• [Data excerpts]:
────────

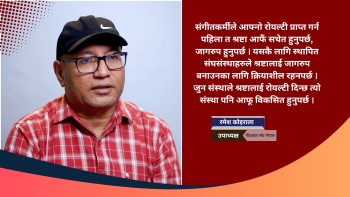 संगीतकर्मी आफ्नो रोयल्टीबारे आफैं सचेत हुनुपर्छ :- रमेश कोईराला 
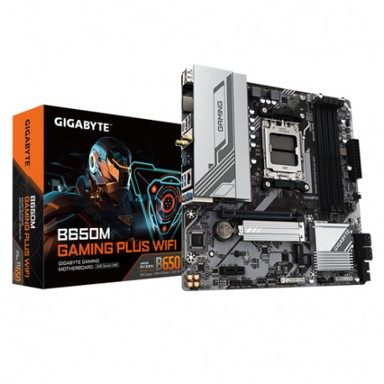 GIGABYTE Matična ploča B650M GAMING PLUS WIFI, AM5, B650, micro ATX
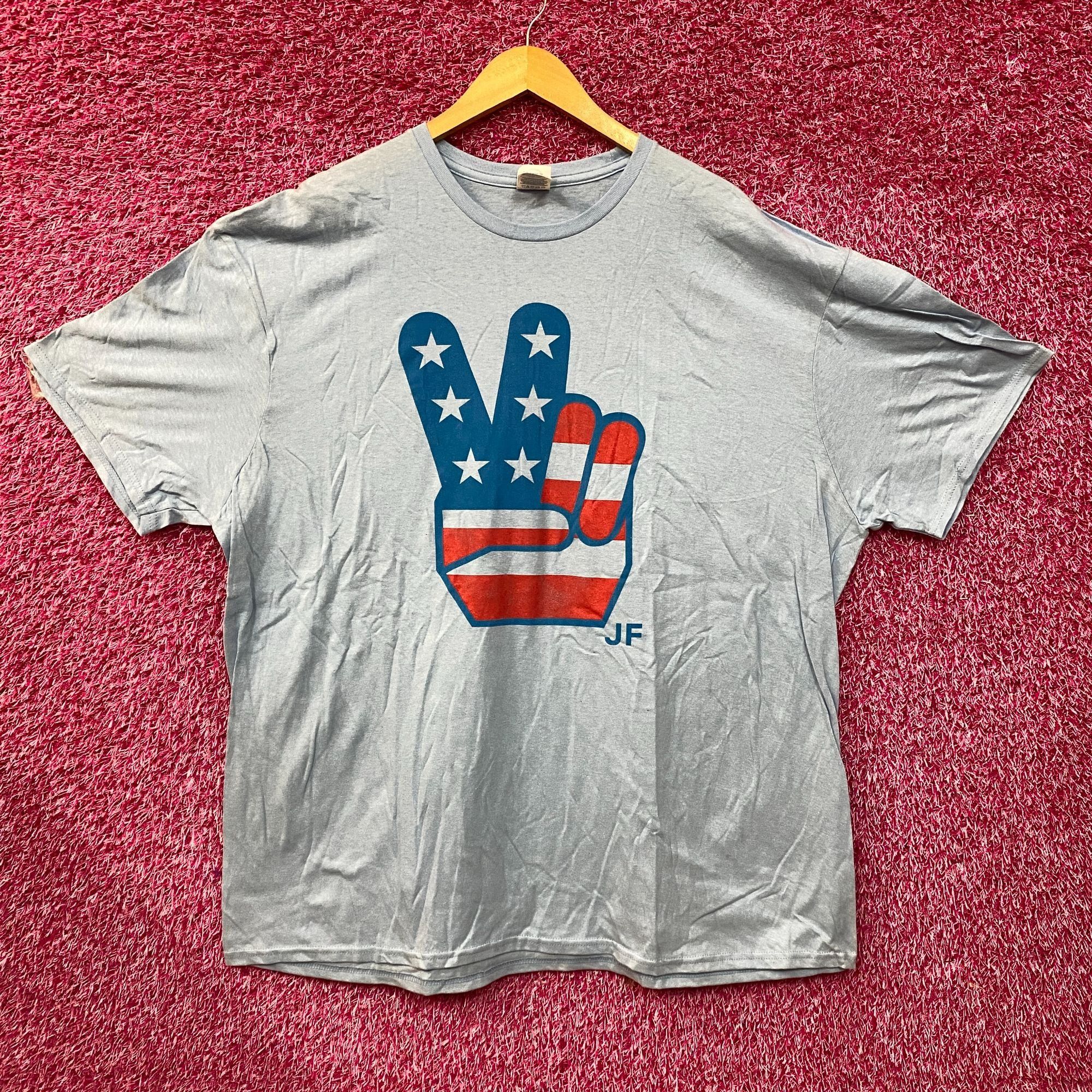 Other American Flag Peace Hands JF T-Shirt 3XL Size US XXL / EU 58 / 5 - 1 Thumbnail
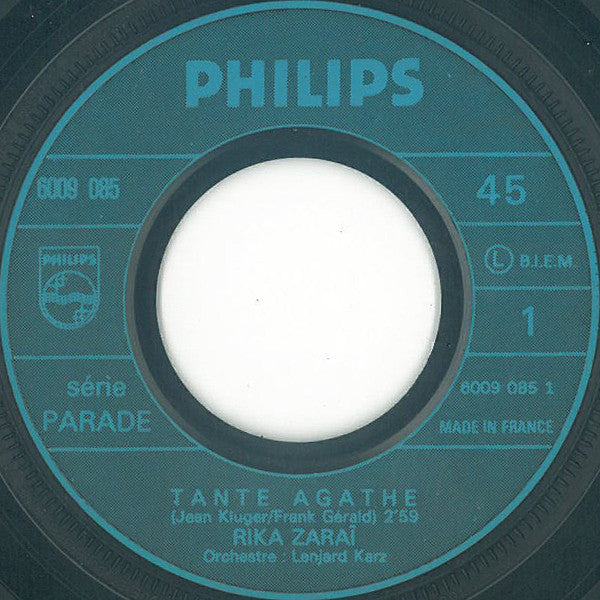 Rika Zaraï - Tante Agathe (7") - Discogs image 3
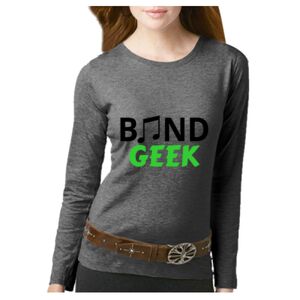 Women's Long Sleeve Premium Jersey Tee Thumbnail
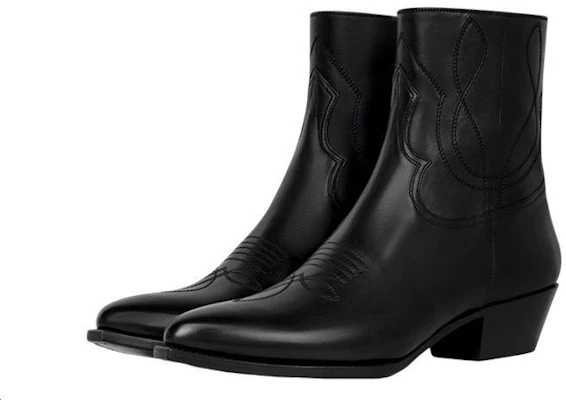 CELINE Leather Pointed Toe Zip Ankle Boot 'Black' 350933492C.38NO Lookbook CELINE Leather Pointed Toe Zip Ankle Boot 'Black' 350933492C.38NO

────────

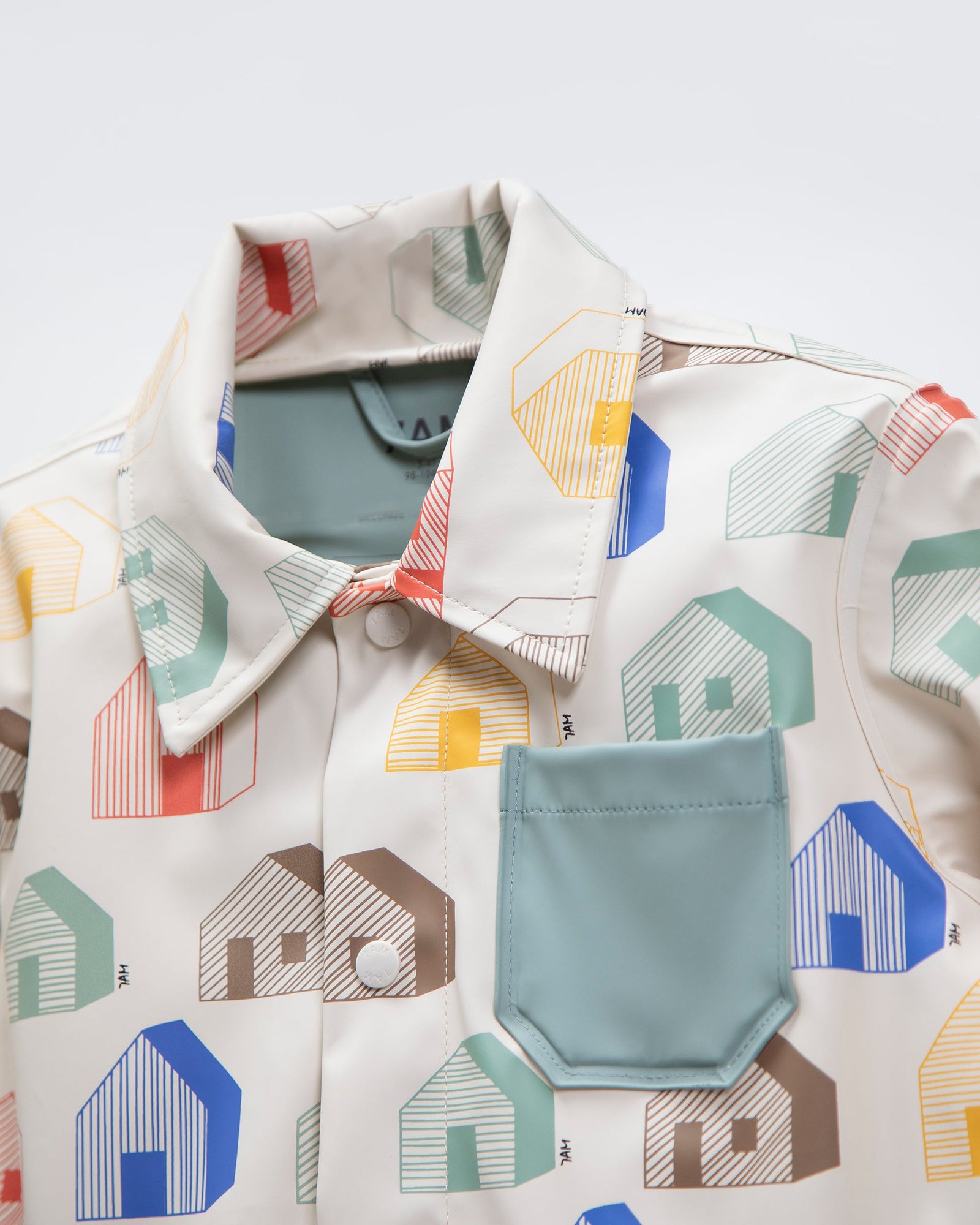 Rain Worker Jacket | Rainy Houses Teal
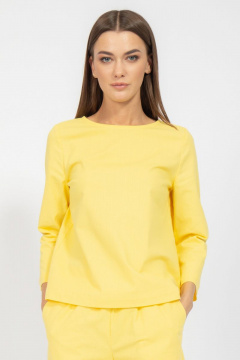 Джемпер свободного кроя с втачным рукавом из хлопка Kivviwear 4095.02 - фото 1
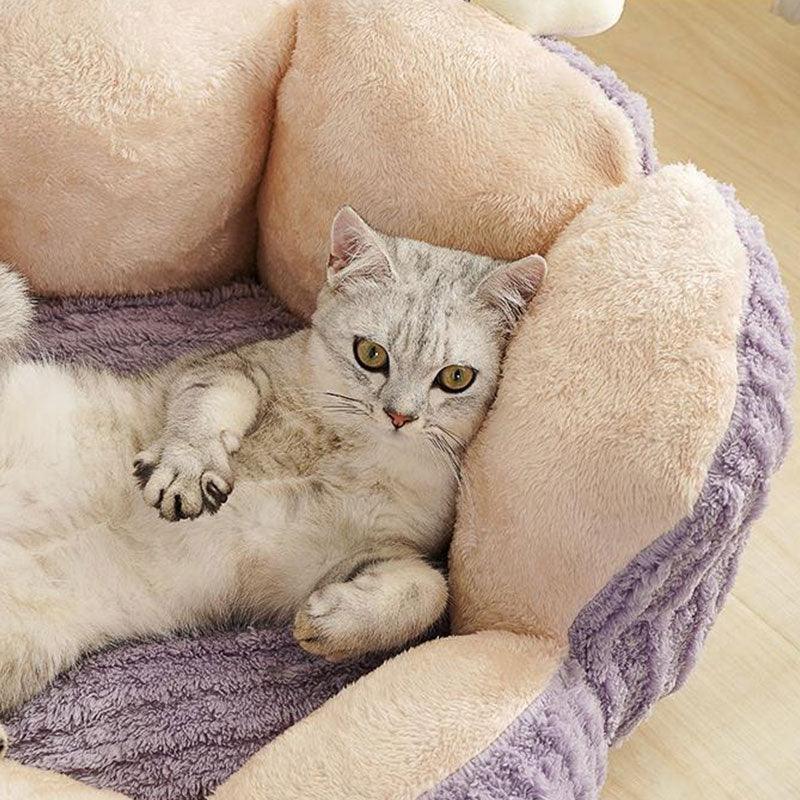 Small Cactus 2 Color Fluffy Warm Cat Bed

────────

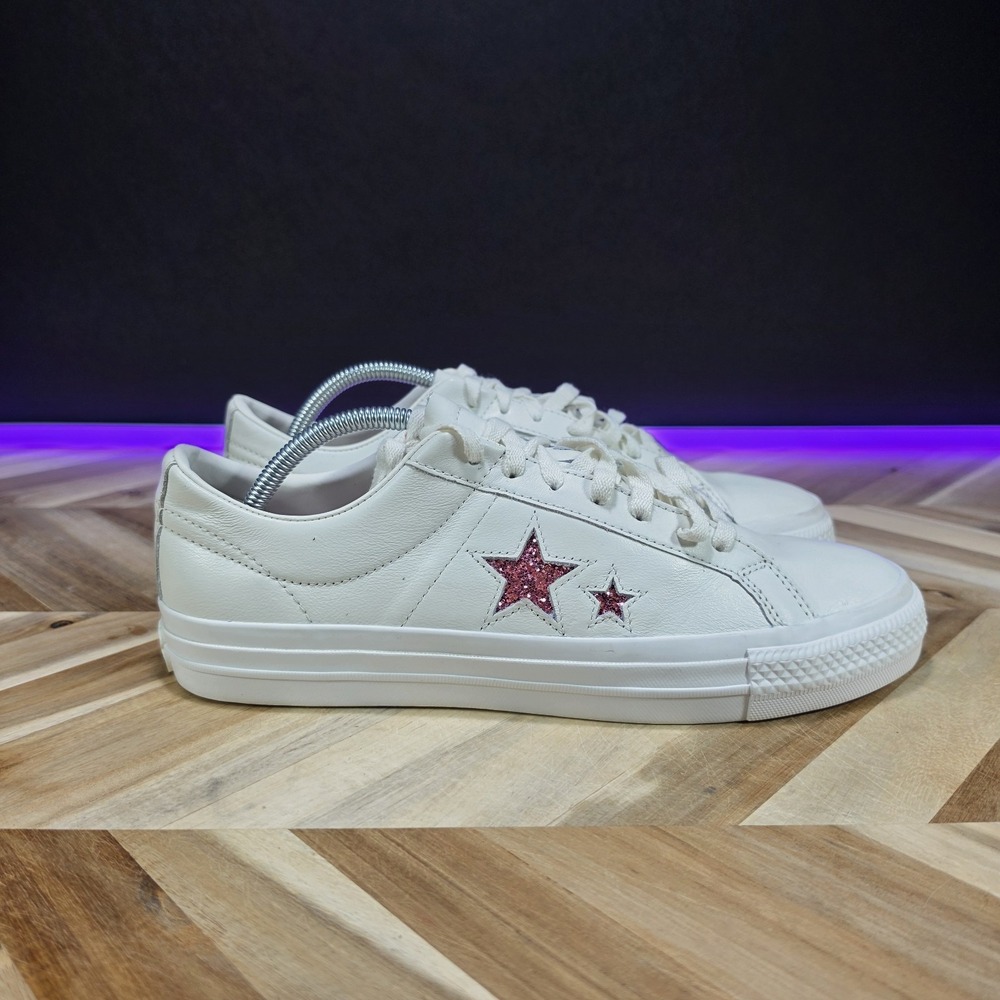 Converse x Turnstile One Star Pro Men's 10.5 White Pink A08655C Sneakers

────────

What is wanted is an exact copy of the lines above from the one containing "संगीतकर्मी आफ्नो रोयल्टीबारे" through the one containing "Rika Zaraï - Tante", with no pictures in it.

 संगीतकर्मी आफ्नो रोयल्टीबारे आफैं सचेत हुनुपर्छ :- रमेश कोईराला 
 GIGABYTE Matična ploča B650M GAMING PLUS WIFI, AM5, B650, micro ATX
 Other American Flag Peace Hands JF T-Shirt 3XL Size US XXL / EU 58 / 5 - 1 Thumbnail
 Rika Zaraï - Tante Agathe (7") - Discogs image 3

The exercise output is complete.